It is difficult to see how Cristiano Ronaldo can have a future at Manchester United after the events of the last week or so.
Not only is it clear that the team functions much better when he's not in it, but the way he has conducted himself during the last few games make it difficult to see how he can be a valuable member of the squad.
Shaking in his head in frustration after being substituted due to a poor performance against Newcastle was one thing, but refusing to come on against Spurs and then storming down the tunnel was an altogether different one. Roy Keane aside, most onlookers agree that his actions crossed a major line.
Paul McGrath has interesting Cristiano Ronaldo theory
Paul McGrath agrees that Ronaldo was completely out of order for the way he behaved during the Spurs game, although he does not believe it was done out of any sort of disrespect for his manager or teammates. In fact, he feels it all comes down to the player's frustrations with his own body.

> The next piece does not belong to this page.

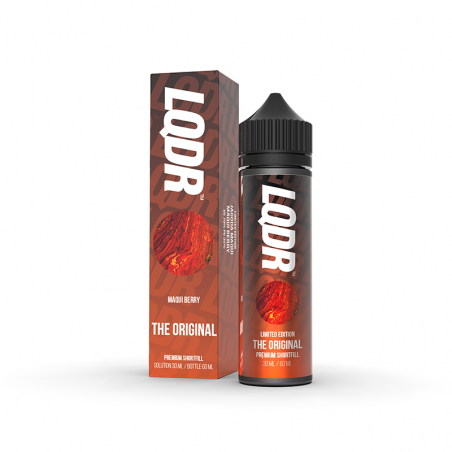 LQDR Premium The Original 30 Ml Liquider Store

Writing in his column in the Sunday World, the Ireland legend said that it is clear that the Portuguese superstar is finding it difficult to come to terms with his own diminishing powers.
The most terrifying point in the career of any professional footballer is the moment he is confronted by his own athletic mortality, when he can see the finishing line of the only life he has known hurtling toward him like a runaway train.
All sorts of thoughts flood through your mind: Panic, desolation, confusion. You feel terribly alone. And incredibly vulnerable.
Honestly, it was an earth-shattering experience for me – and I had nothing like Ronaldo’s profile...
The thought of losing all that, of no longer being able to do the stuff that set you apart from even the best of the rest, can cause you to do the most self-destructive things.
Like refuse to go on to a pitch. Or marching off to the dressing room while your team are still fighting for three points. It is wrong, but – honestly – I felt Ronaldo’s pain...
Although he will rail against the notion, it must be dawning on him that he cannot beat Father Time. I genuinely believe that is at the core of all that is going on with Ronaldo over recent weeks.
He is enormously frustrated, not so much with Erik ten Hag, but with the ticking clock. He has a big personality and he is evidently struggling to come to terms with the reality that he is no longer The Man...
I hope it works out for him and I would be loath to criticise him for what he did on Wednesday. As I said, I’ve been there. And it cuts you to the core, gives you a terrible feeling that the walls are closing in.
Cristiano Ronaldo still has an eye for goal, but the other areas of his game have dropped off dramatically. He is no longer a good fit for top sides in the modern game, who want to play at a fast pace and press with intensity when out of possession.
It is difficult to see another big European club taking him on at the moment, meaning his future is very much up in the air. One thing that is becoming clearer is that it is likely to lie away from Old Trafford.